Boy meets dyevitza
By ROBERT F. YOUNG
Illustrated by BIRMINGHAM
For the incurable romantics among us, the power of love to conquer everything cannot be overestimated. And so let us read this gentle, pleasant, warm-hearted tale, knowing as we do that the story it tells is very likely impossible, but yet hoping, perhaps, that it could all end this way.
A thrilling news bulletin, dated September 11, 1996, was recently handed to me by an assistant who is too young to remember the star over Moscow, and it is toward him and others like him that the following history is directed. If it resembles fiction more than it does fact, the similarity is wholly intentional, for it is only through fiction that the past can be brought back to life.
When Gordon Andrews first saw the girl, he took it for granted that she was a Venusian—a natural enough assumption in view of the fact that he was on Venus. She was kneeling beside a small brook, humming a little tune and washing out a pair of stockings, and so intent was she on her tune and her task that she did not hear him when he stepped out of the forest behind her. Her bobbed hair was the color of horse chestnuts, and her clothing consisted of gray culottes, a gray blouse, black leather boots and a small gray kepi. The tune she was humming was a passage from Tchaikovsky's Swan Lake .
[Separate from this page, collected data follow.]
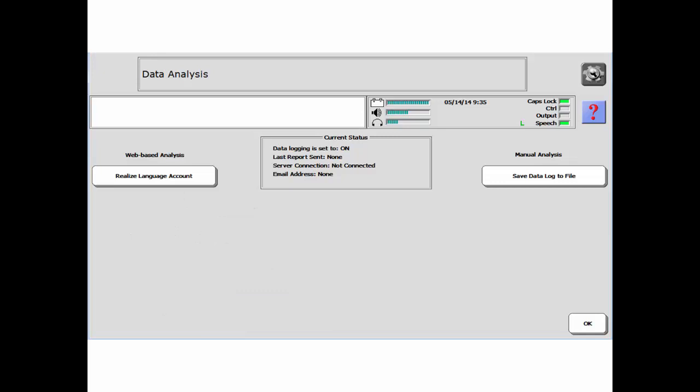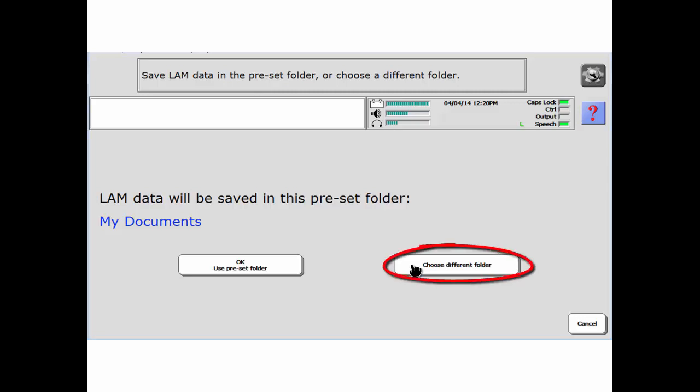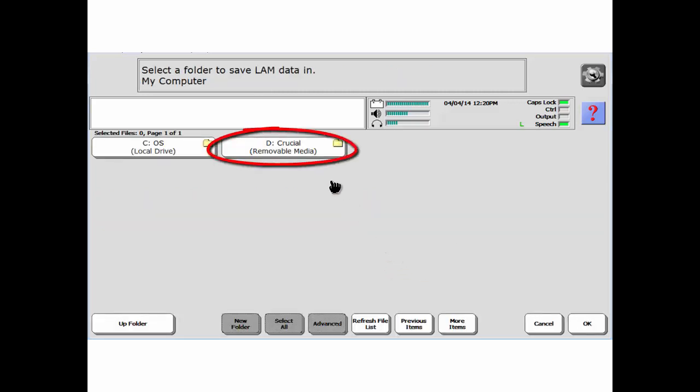To manually save your data file, plug a USB flash drive into a USB port on either the side or the back of the device. Then select Save Data Log to File. Make sure the destination is set to the flash drive. If not, select Choose Different Folder and navigate to that drive. My device is set to My Documents, so I need to choose a different folder and then my D drive or flash drive.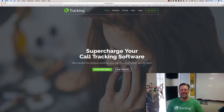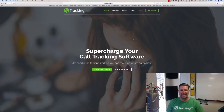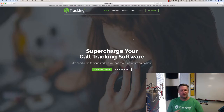Hey there, it's Joshua Fletcher with calltrackingpro.io and I'm going to be walking you through some of the features, benefits, comparisons, and tutorials of our software platform.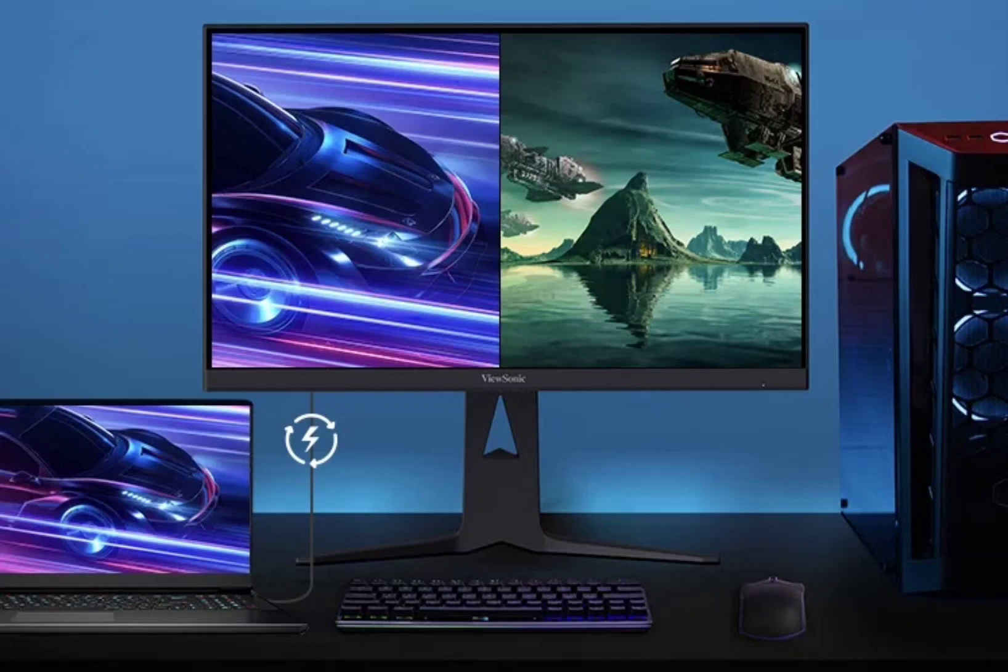The 165Hz refresh rate guarantees smooth visuals and swift response times, crucial for fast-paced gaming experiences. For competitive gamers, a 1ms response time minimizes input lag, ensuring they stay on top of the action.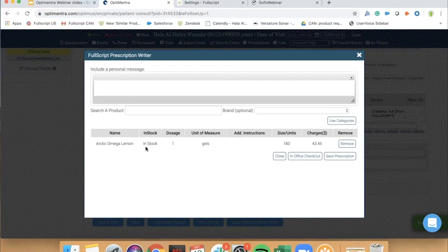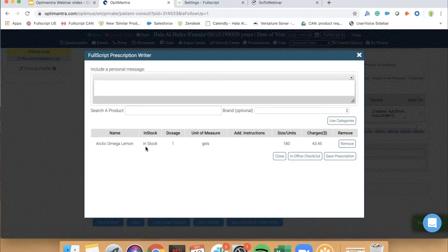To recap the three features we've covered so far: one, the Fullscript Rx history gets pulled into OptiMantra for the practitioner's visibility; two, when putting a plan together for your patient, you can use previously prescribed products to add them to your current plan; and three, using your Fullscript categories to recommend supplements without having to search the catalog every time. You can spend time in your Fullscript dispensary to set that up, so that when you're using it within OptiMantra, it's as quick and easy as possible.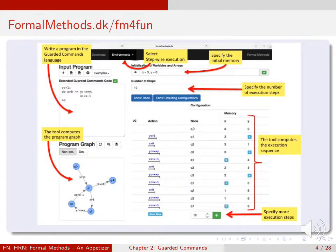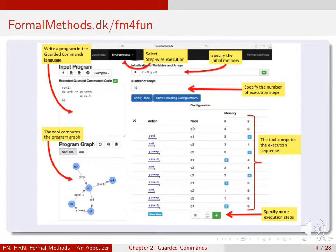You can play with this setup using the system at formalmethods.dk/fmforfun. In the top left corner, you can write a program in guarded commands. The system will then draw the corresponding program graph in the bottom left corner. On the top line, you can choose the environments of stepwise execution. Below that, you can indicate initial values of the variables in the program. You can then press 'show trace', and the system will show an entire computation sequence starting at the initial node with the memory you just indicated. You can press the green plus at the bottom to get additional steps if necessary.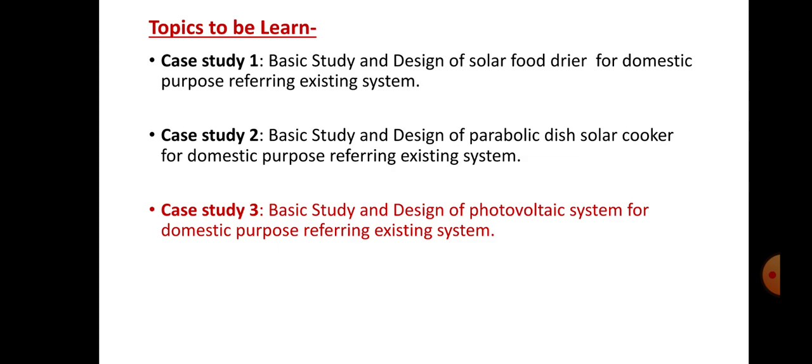The third case study is related to the solar photovoltaic system. Up to the last lecture, we have seen some topics from the third case study. Before that, we had also studied the first case study on solar food dryers and the second case study on the parabolic dish solar cooker. We have also seen some topics from case study number 3, that is the solar photovoltaic system.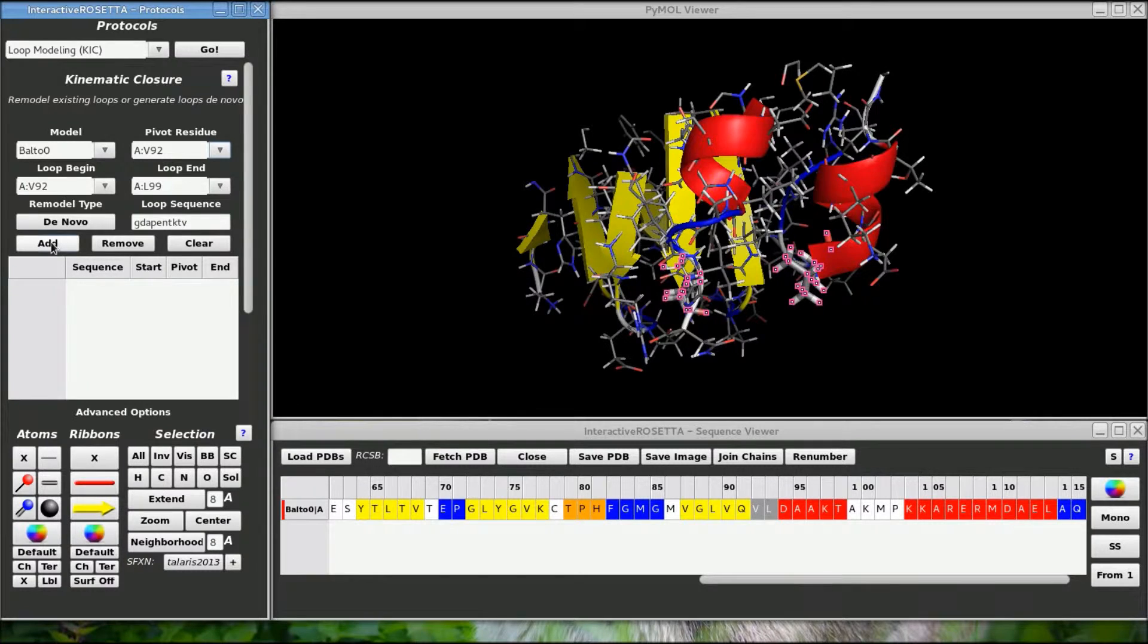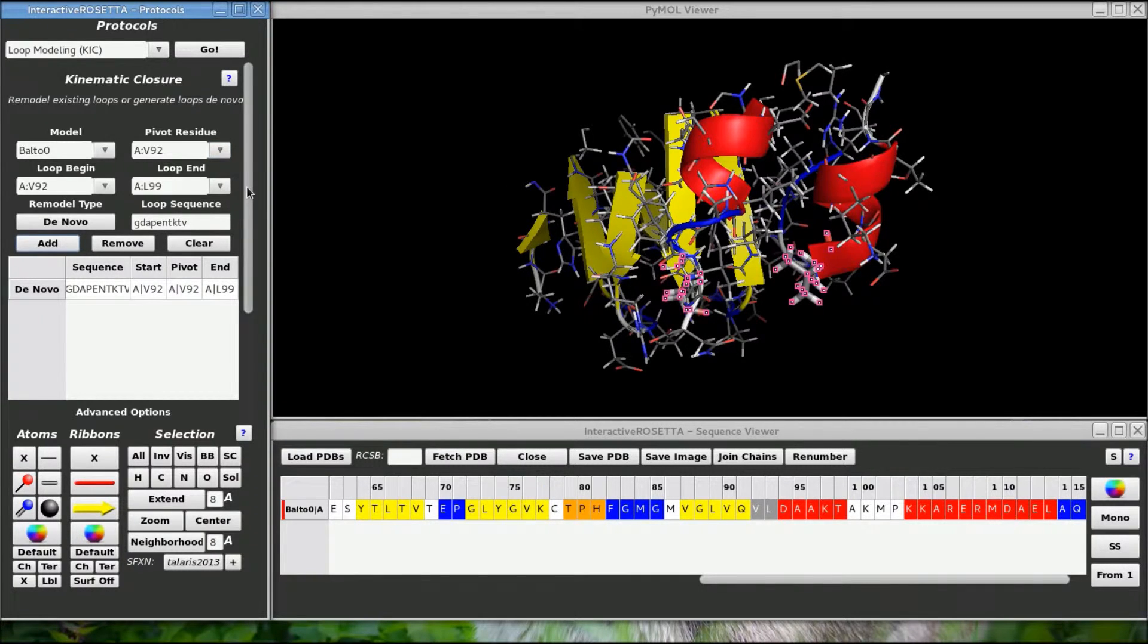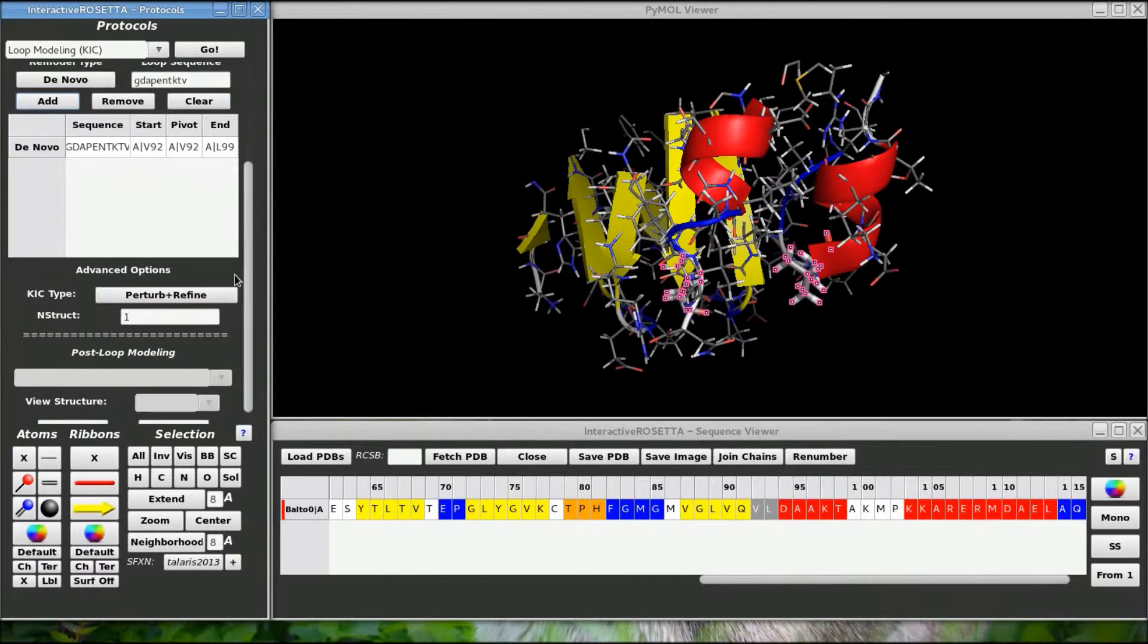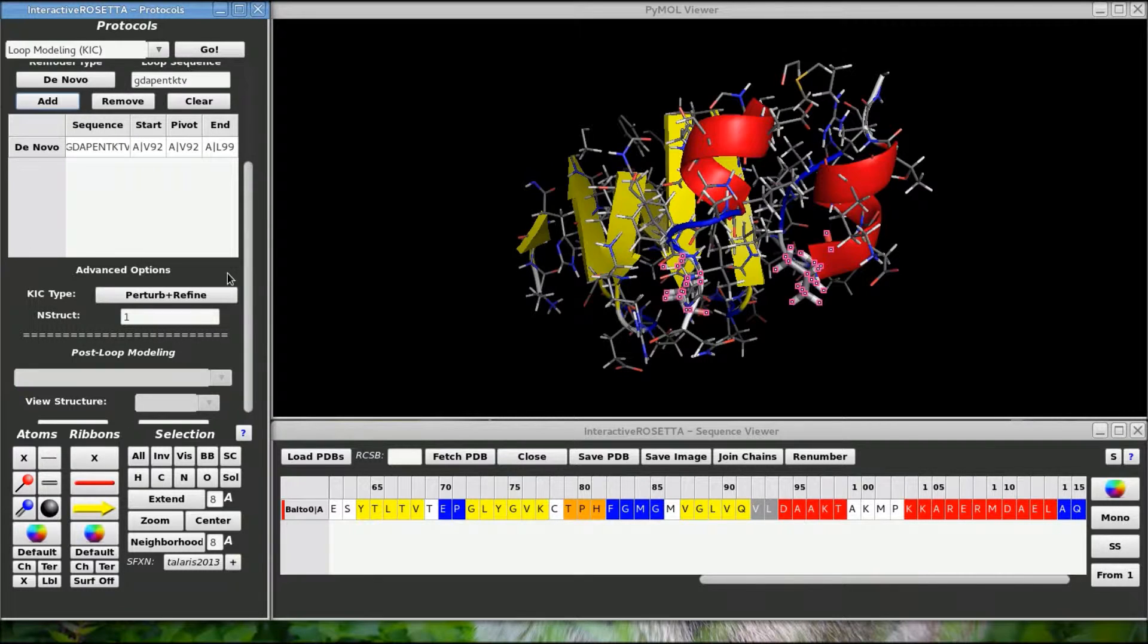Finally, add this loop to your loops file. You can specify more than one loop to remodel at a time, but I am only going to create this loop for now.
Thus far, Gordon had taken Venus pretty much in his stride. The data supplied by the Venus probes during the early 60's, while obscure with regard to her cloud-cover, had conclusively disproved former theories to the effect that she lacked a breathable atmosphere and possessed a surface temperature of more than 100 degrees Centigrade, and had prepared him for what he had found—an atmosphere richer in oxygen content than Earth's, a comfortable climate, and a planet-wide sea, unbroken as yet save for an equatorial land mass no larger than a modest island. The data, by its very nature, had also prepared him for the possibility of human life. It had not prepared him, however, for a Venusian maiden on humming terms with Swan Lake . Small wonder, then, that he gasped.